SoCal remains center of sand volleyball growth
Next Friday, some of beach volleyball’s best talent will converge on the sand in Gulf Shores, Ala., for the second-ever AVCA Collegiate Sand Volleyball National Championships.
Hundreds of college players will show why sand volleyball has become arguably the fastest-growing sport in the country and why Southern California is at the center of it all.
After a two-year period in which the sport grew by over 25 percent, sand volleyball was named an emerging sport in January 2010. By 2012, 16 Division I athletic programs fielded teams, officially starting a new chapter in the sport’s history.
“I knew it would just explode,” said USC head coach Anna Collier. “I really believe there’s a grassroots (effort) with USA beach volleyball that is now really pushing this sport. And now we have somewhere to draw sand volleyball players from without just having to have the crossover indoor players.
“We are really growing actual beach or sand volleyball players in this country.”
In its inaugural season, teams from southern California made their marks on the sport and have yet to look back. Pepperdine won the first-ever event while Long Beach State fell just one point shy of reaching the championship match.
This season, the field of teams grew from 14-16 and next season, at least seven schools will be adding sand volleyball as a varsity sport.
The sport needs 40 schools to be officially recognized as an NCAA championship sport, but the way the sport has grown, that number could be reached by next year.
USC felt so strongly about the sport’s growth that the school constructed a brand-new on-campus facility and is now also one of few schools awarding scholarships to sand-only players. Pepperdine recently awarded its first-ever sand scholarship to senior outside hitter Caitlin Racich.
UCLA soon jumped on board a year ahead of schedule.

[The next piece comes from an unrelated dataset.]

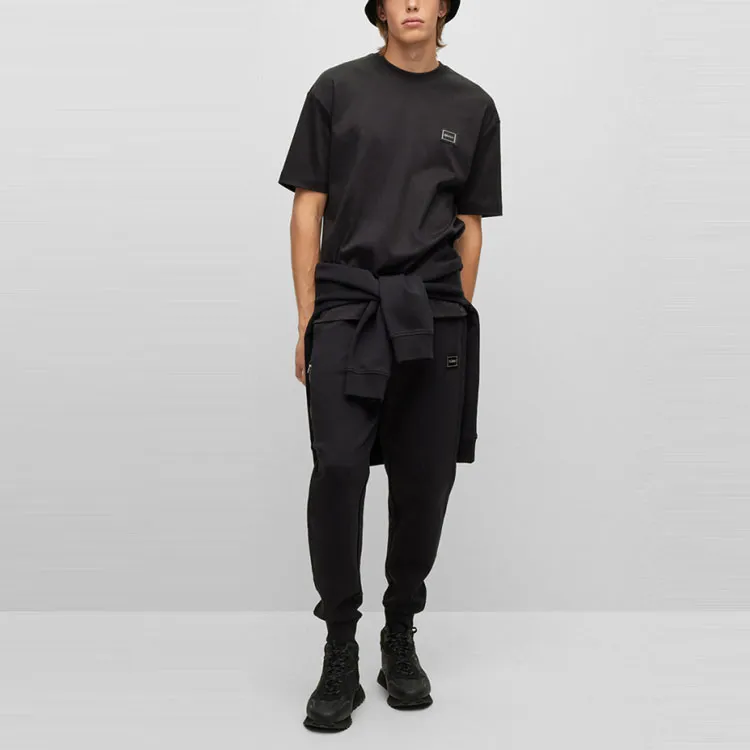 HUGO BOSS FW22 Knitted Sweatpants Men's Black-1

Head coach Stein Metzger, himself somewhat of a legend in the sport, said all it took for UCLA was a simple vote.
“We were a little behind the gun, we weren’t planning on doing it until 2014 but we had the administration behind it which was important,” said Metzger, who won three national titles as an indoor player for UCLA and took fifth in the 2004 Summer Olympics in beach volleyball. “We just went to team and said, ‘Hey, does anyone want to play?’ and every hand went up.”

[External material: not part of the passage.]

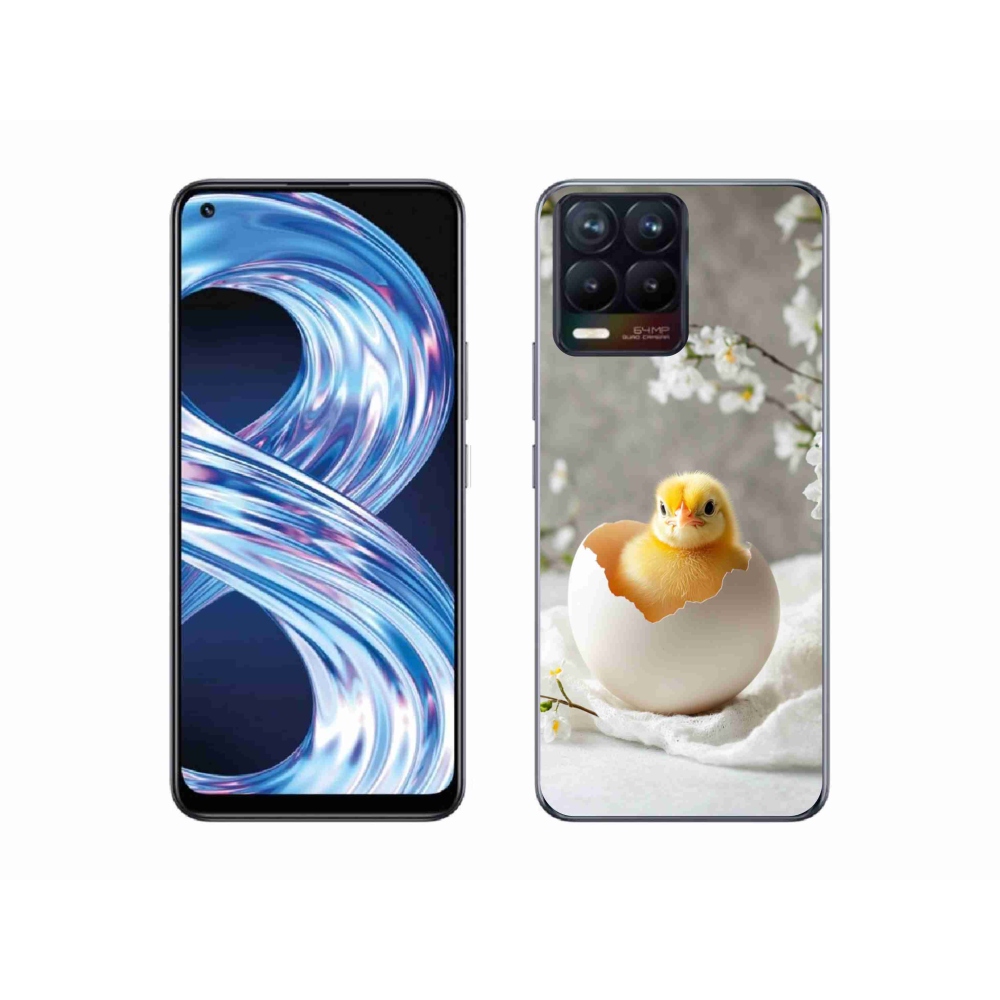 Gelový kryt mmCase na Realme 8 Pro - kuřátko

The Bruins, much like Long Beach State, are currently fielding a team of all crossover athletes, which has presented new challenges with both academics and conditioning.
Academically, student-athletes now get much less of a reprieve with tougher classes and are no longer to reserve tougher classes for the offseason as the offseason has been eliminated.

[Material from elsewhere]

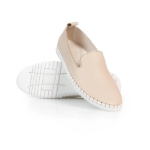 Kép Batz Elmira Bézs női bőr papucs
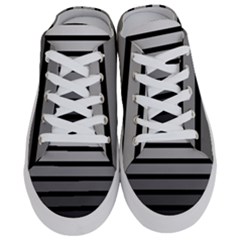 9 Bar Monochrome Fade Half Slippers by WetdryvacsLair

Physically, players need to develop “sand legs” which require more endurance and use different muscles than required in the indoor game.
“You need that similar explosiveness, but you have to have that explosiveness on a sand surface,” Collier said. “They were very opened minded in saying, ‘What do we need to work on?’ I said, ‘Well, you need to knock them down and get them up fast.’”
While the athletes deal with the academic and physical adjustments, the coaches have an immense amount of coordination to do between the two programs. For Pepperdine, that meant using head coach Nina Matthies for both programs. At USC, Collier runs the show while UCLA and Long Beach State have chosen to have their women’s indoor coaches oversee the program while handing over the reigns to the sand coaches.
Legendary head coach Brian Gimmillaro, May’s former college coach, has relied on sand coach Matt Ulmer’s first-hand knowledge. Ulmer was part of an inaugural sand program at DIII Carthage College in Kenosha, Wisc. Assistant coach Erika Chidester, who works with both teams, helps put the pieces all together.
“I had kind of already been through some of those things but it was difficult because we’re not fully funded like other schools,” Ulmer said. “So we just have to work harder.”
The addition of sand volleyball will enhance the overall profile of the volleyball programs at each school — top recruits will want to play both.
It’s clear that the sport is still growing, but while it continues to create an identity, it’s clear the Los Angeles area is on the ground floor of what many are expecting to become one of the most exciting college sports.
“It was a lot of culmination of unknown,” Matthies said. “The level has risen just from last year to this year and I only see that continuing.”